Each entry must be restated exactly as it appears.

Records to use:
----------
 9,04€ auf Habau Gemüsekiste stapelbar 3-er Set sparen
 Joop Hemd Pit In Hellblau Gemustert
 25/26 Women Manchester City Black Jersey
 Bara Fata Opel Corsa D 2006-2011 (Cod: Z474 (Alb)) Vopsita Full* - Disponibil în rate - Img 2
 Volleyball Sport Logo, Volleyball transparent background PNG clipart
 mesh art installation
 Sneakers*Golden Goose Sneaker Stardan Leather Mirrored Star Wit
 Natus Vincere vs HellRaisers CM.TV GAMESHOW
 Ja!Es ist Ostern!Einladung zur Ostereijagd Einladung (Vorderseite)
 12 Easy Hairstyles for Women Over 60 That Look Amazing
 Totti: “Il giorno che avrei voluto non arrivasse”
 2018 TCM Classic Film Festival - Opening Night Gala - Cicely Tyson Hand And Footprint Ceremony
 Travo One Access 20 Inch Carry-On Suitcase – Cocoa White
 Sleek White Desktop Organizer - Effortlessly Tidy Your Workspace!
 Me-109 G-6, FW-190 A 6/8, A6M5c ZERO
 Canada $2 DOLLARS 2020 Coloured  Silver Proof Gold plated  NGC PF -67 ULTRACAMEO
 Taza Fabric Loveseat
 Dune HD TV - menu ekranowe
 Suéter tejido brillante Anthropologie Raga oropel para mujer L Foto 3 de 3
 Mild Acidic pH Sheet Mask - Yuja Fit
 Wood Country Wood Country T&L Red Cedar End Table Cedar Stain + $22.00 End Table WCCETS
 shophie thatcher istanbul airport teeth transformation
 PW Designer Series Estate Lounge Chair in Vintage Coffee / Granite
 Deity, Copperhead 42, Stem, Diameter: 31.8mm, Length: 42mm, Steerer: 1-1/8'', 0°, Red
----------
Finished exercise:
 9,04€ auf Habau Gemüsekiste stapelbar 3-er Set sparen
 Joop Hemd Pit In Hellblau Gemustert
 25/26 Women Manchester City Black Jersey
 Bara Fata Opel Corsa D 2006-2011 (Cod: Z474 (Alb)) Vopsita Full* - Disponibil în rate - Img 2
 Volleyball Sport Logo, Volleyball transparent background PNG clipart
 mesh art installation
 Sneakers*Golden Goose Sneaker Stardan Leather Mirrored Star Wit
 Natus Vincere vs HellRaisers CM.TV GAMESHOW
 Ja!Es ist Ostern!Einladung zur Ostereijagd Einladung (Vorderseite)
 12 Easy Hairstyles for Women Over 60 That Look Amazing
 Totti: “Il giorno che avrei voluto non arrivasse”
 2018 TCM Classic Film Festival - Opening Night Gala - Cicely Tyson Hand And Footprint Ceremony
 Travo One Access 20 Inch Carry-On Suitcase – Cocoa White
 Sleek White Desktop Organizer - Effortlessly Tidy Your Workspace!
 Me-109 G-6, FW-190 A 6/8, A6M5c ZERO
 Canada $2 DOLLARS 2020 Coloured  Silver Proof Gold plated  NGC PF -67 ULTRACAMEO
 Taza Fabric Loveseat
 Dune HD TV - menu ekranowe
 Suéter tejido brillante Anthropologie Raga oropel para mujer L Foto 3 de 3
 Mild Acidic pH Sheet Mask - Yuja Fit
 Wood Country Wood Country T&L Red Cedar End Table Cedar Stain + $22.00 End Table WCCETS
 shophie thatcher istanbul airport teeth transformation
 PW Designer Series Estate Lounge Chair in Vintage Coffee / Granite
 Deity, Copperhead 42, Stem, Diameter: 31.8mm, Length: 42mm, Steerer: 1-1/8'', 0°, Red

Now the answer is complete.